Essential knowledge, skills and experience

  • Graduate (or equivalent).
  • A commitment to the Crick’s vision and values.
  • A sound understanding of the legal and regulatory context in which the Crick operates, gained through experience.
  • A sound knowledge of legal and regulatory frameworks around data (eg DPA 2018, PECR (E-Privacy) and GDPR regulations), as well as related governance, best processes and practice.
  • Experience of supporting data protection compliance in practice (eg DSAR, DPIA, data security and breach management).
  • Ability to think strategically, plan and deliver projects. Ability to assess complex scenarios so as to give high-quality advice and identify pragmatic solutions.
  • Confident to challenge ways of doing things.
  • A strong commitment to organisational effectiveness. Ability to handle a varied workload, competing demands and tights deadlines in a fast-moving environment.  Methodical in approach and with an excellent attention to detail.
  • Good interpersonal skills (eg tact, integrity, confidentiality, patience).

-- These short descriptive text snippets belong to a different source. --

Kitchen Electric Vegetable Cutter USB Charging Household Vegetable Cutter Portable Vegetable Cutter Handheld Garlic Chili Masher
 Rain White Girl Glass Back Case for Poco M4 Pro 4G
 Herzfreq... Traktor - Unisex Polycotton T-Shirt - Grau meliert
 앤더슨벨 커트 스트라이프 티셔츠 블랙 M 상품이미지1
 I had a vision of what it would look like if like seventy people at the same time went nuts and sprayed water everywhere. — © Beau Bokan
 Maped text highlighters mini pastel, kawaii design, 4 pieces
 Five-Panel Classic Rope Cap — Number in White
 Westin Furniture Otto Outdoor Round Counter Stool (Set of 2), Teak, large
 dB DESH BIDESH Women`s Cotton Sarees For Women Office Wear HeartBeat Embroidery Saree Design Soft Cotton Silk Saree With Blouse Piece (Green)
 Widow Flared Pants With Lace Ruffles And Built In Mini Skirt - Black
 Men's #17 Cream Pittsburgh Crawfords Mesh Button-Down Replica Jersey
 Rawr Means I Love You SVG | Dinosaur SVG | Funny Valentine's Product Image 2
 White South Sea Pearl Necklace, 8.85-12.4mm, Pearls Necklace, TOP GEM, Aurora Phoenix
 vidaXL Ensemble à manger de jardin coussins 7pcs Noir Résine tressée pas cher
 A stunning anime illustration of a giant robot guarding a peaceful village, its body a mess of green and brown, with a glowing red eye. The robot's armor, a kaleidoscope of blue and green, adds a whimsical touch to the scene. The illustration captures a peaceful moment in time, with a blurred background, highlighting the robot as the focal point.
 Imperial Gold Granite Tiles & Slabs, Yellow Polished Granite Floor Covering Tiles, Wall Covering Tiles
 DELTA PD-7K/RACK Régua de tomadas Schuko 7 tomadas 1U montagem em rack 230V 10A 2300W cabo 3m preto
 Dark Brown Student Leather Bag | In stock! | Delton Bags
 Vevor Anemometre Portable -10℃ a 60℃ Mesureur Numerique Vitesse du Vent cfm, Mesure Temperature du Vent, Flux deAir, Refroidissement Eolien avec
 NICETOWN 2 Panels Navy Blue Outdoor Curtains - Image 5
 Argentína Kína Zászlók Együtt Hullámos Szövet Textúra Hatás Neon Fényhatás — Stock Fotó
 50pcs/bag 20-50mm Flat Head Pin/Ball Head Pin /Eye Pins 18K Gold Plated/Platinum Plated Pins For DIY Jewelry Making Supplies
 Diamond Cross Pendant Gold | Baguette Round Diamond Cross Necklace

Ability to build personal credibility quickly and develop and maintain effective relationships, including working with people with differing perspectives and needs.
  • Communicates effectively in writing and in speech with a concise, compelling writing style and strong written accuracy. Ability to present complex information in clear and simple communications to all levels of the organisation. Good legal drafting skills.
  • Confident use of technology (eg Microsoft, document management platforms, Slack, ServiceNow & Trello etc) to promote awareness, share knowledge and support compliance.
  • Works effectively in a collegiate environment, consulting with colleagues to share expertise and ideas to deliver new outcomes. Flexible, motivated and resilient. Acts authentically and consistently, developes self-awareness by seeking feedback from others.
  • Confident in producing and delivering MI to senior management.


  • Completed the LLB or GDL.
  • Practitioner Certificate in Data Protection or relevant alternative
  • Experience of a legal/company secretarial department, ideally in a charity or academic environment.
  • Familiarity with company and charity governance; anti-bribery, and competition law.

Your working relationships:

  • Broad-base user group (scientific and non-scientific staff)
  • All Science teams - Group leaders, Scientists, STP leads, Translations, Grants, BRF and research administration staff.
  • All Operations teams - Sourcing, IT&S, Building Services, Public Engagement, Human Resources, Grants, Finance, Insurance and Philanthropy.